2. Lloyd's is the world's leading specialist
insurance market and wrote more than £22 billion of premium
income in 2009. It is the fifth largest reinsurer in the world
and the second largest surplus lines insurer in the US. In 2010,
78 syndicates underwrite insurance at Lloyd's, covering all classes
of non-life business from more than 200 countries and territories
worldwide. Its headquarters are located in the City of London
and it is regulated by the Financial Services Authority.
3. The Committee's website identifies a
number of questions which the Committee may look at. We do not
propose to address the questions individually but to provide both
general and specific comments on some of the main issues which
the proposed changes raise for the insurance sector and the Lloyd's
market in particular.
GENERAL COMMENTS
(a) The current UK regulatory system
4. The Government's motive for wishing to
propose changes to the current UK regulatory system is explained
in its consultation paper "A new approach to financial regulation:
judgment, focus and stability". The paper states that "there
were real and significant failings in the UK regulatory framework"
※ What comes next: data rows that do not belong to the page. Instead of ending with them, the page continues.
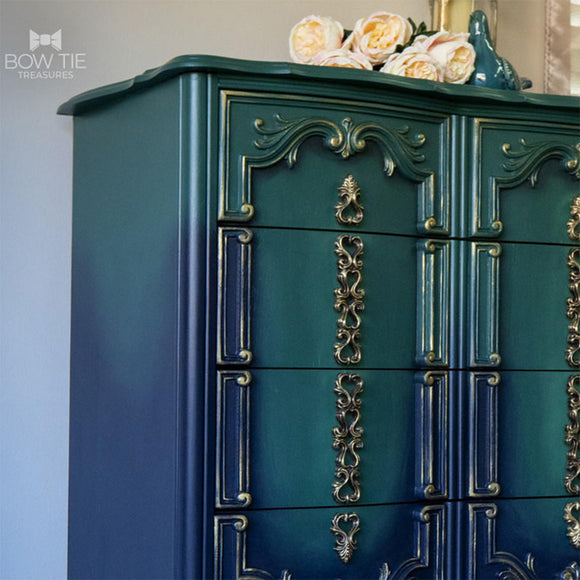 A close-up of a vintage chest dresser refurbished by Bow Tie Treasures features Dixie Belle's Midnight Green Silk All-In-One Mineral Paint.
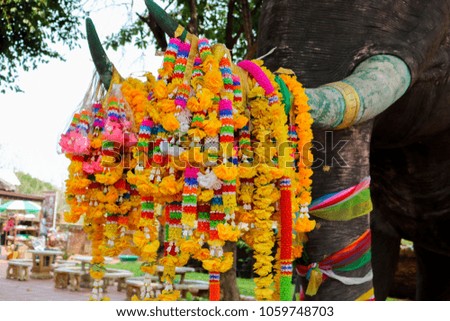 Yellow plastic steering wheel hanging on elephant statue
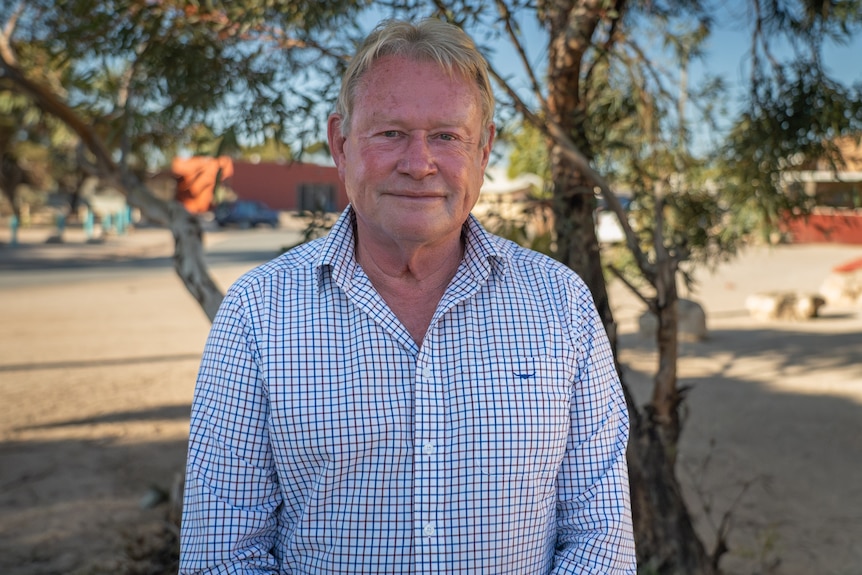 David White standing in front of a small tree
and that the most obvious failing was "that no single institution
has the responsibility, authority or powers to monitor the system
as a whole, identify potentially destabilising trends and respond
to them with concerted action".
5. In light of this finding, we agree it
makes sense that a Financial Policy Committee (FPC) be established
to monitor the UK financial system's stability and to take action
in response to rules and vulnerabilities in the system although
we believe that the FPC should have at least one member with background
and experience in the general insurance sector (please see specific
comments below).
6. The Government's consultation paper explains
that the financial turbulence of the last few years has exposed
serious weaknesses in conventional micro-prudential supervision
and regulation of the financial sector although it also notes
that the FSA has taken "significant steps to improve its
performance in this area" recently by implementing a more
intrusive and proactive approach to the regulation of firms.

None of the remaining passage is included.